So my first official personal post was written after I confidently walk home after deploying a patch and talk about weighing the pros and cons of doing so on a Friday.
Ooops.
Of course, it turned out that the patch had a bug we couldn’t find on any of our test grids due to the lack of load. (Side note: we are serious about doing synthetic load testing, we’re just not there yet.) The bug was in a change intended to address “stuck upload queues” – which basically means that a simulator is busy uploading attachments from residents to the asset servers and gets “stuck.” The fix unfortunately had bigger problems – the simulators would crash under certain circumstances. D’oh.
For those who are interested…
The grid is so large now that random hardware and network failures create enough noise that it usually takes a while to notice a trend. In this case, the crash rate spiked noticeably after the rollout was complete. Of course, everyone had gone home, so it was up to the Grid Monkey to notice this. The GM got in touch with me the next day, and we decided that a rollback was the safest option, and initiated that as quickly as was convenient.

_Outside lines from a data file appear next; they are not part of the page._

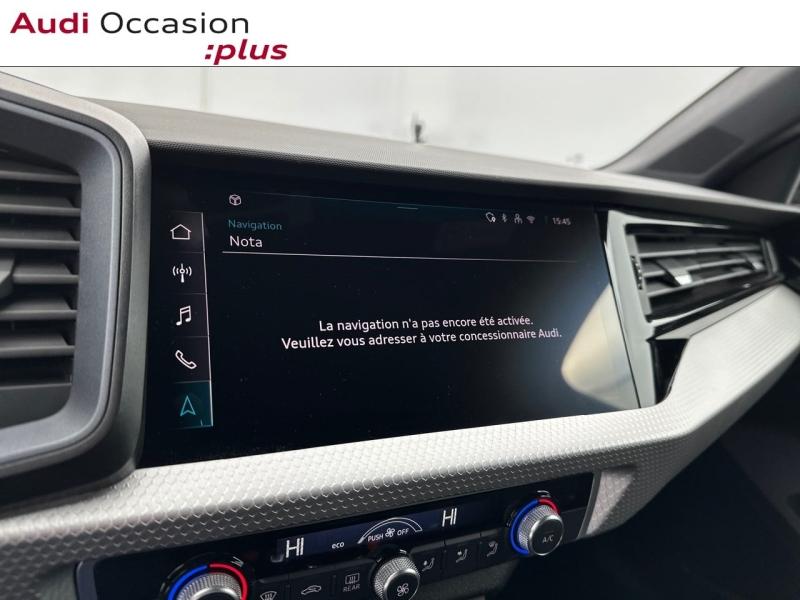 Voitures occasions Audi A1 Sportback S line plus Saint-Thibault-des-Vignes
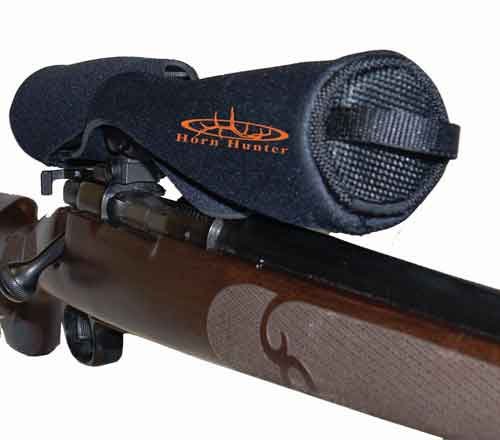 Sportsman's Outdoor Products Horn Hunter Snapshot Rifle Scope Cover (Standard)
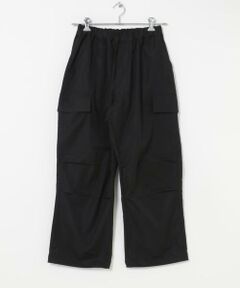 URBAN RESEARCH ITEMS / アーバンリサーチ アイテムズ その他パンツ | 『速乾/イージーケア』高機能ウエストイージー ツイルカーゴパンツ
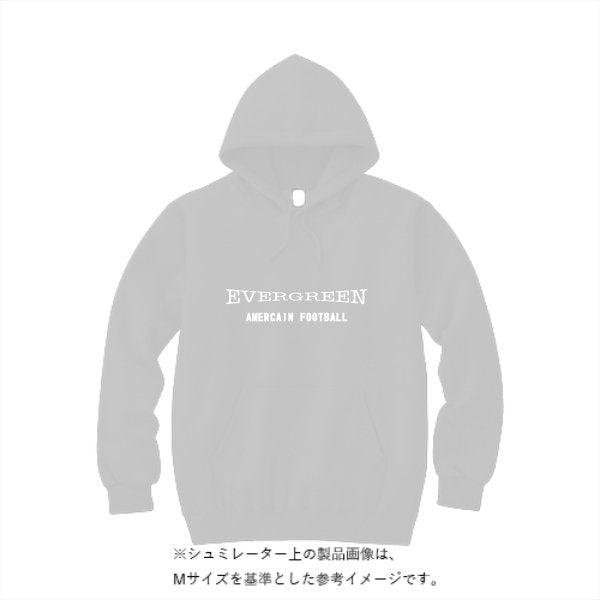 9.7オンス スタンダードWフードプルパーカー - タカハマライフアート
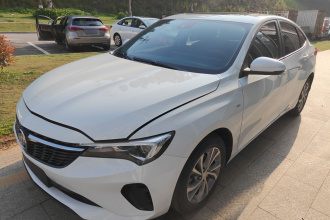 别克 威朗 2023款 Pro 乐享版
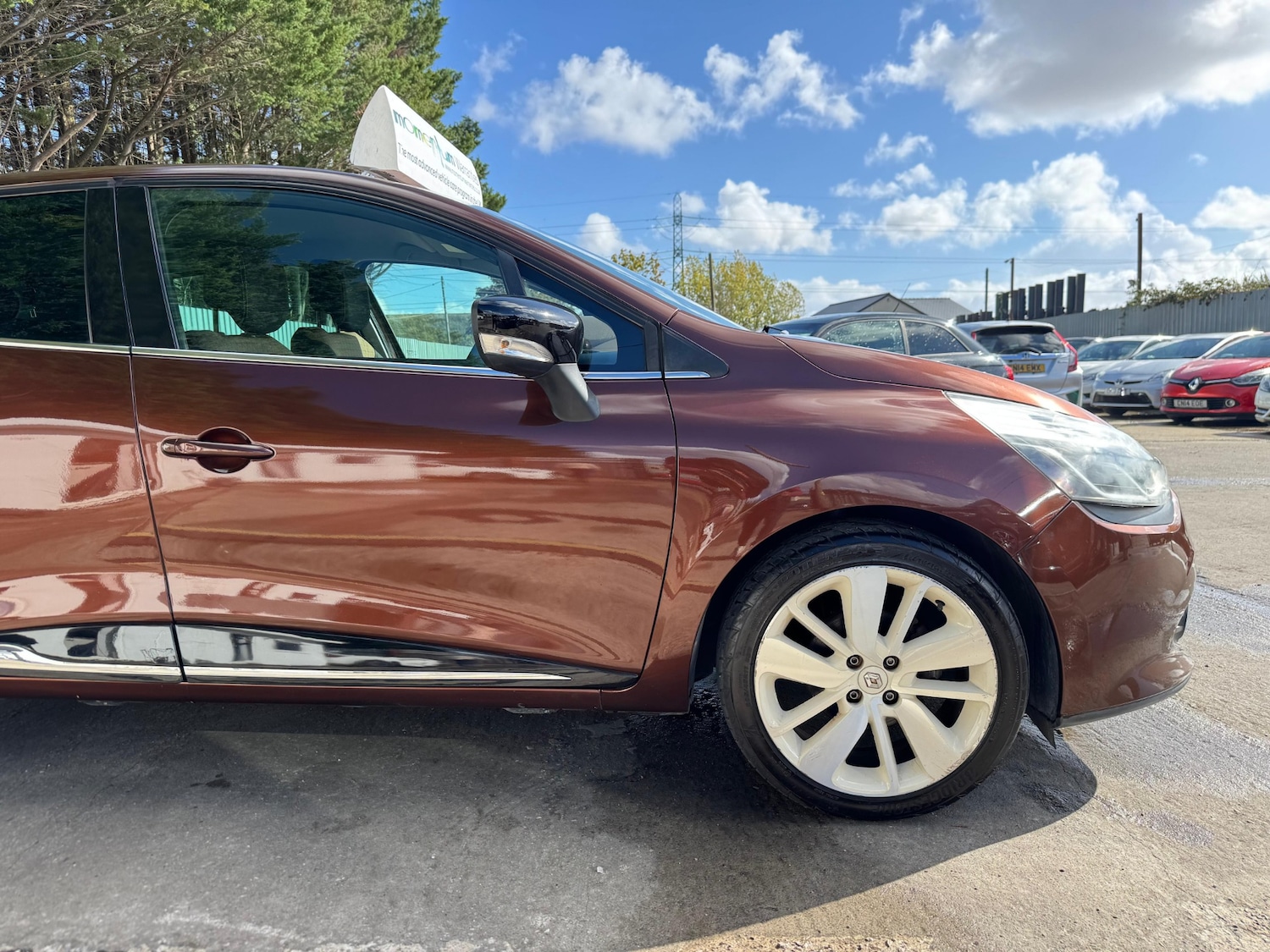 Used Renault Clio 2014 for sale - 77442038: Photo 5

One positive thing about the patch/rollback is that while the patch was live residents identified SVC-55: llLookAt and llRotLookAt were broken by the patch. We were able to identify the cause of that, fix it, and then see if we could address the issue with the “stuck upload queues” fix. After several days of investigation we narrowed it down, but it was unclear if a re-fix would actually improve things in practice, without rolling it out to the grid, we ended up simply reverting the change.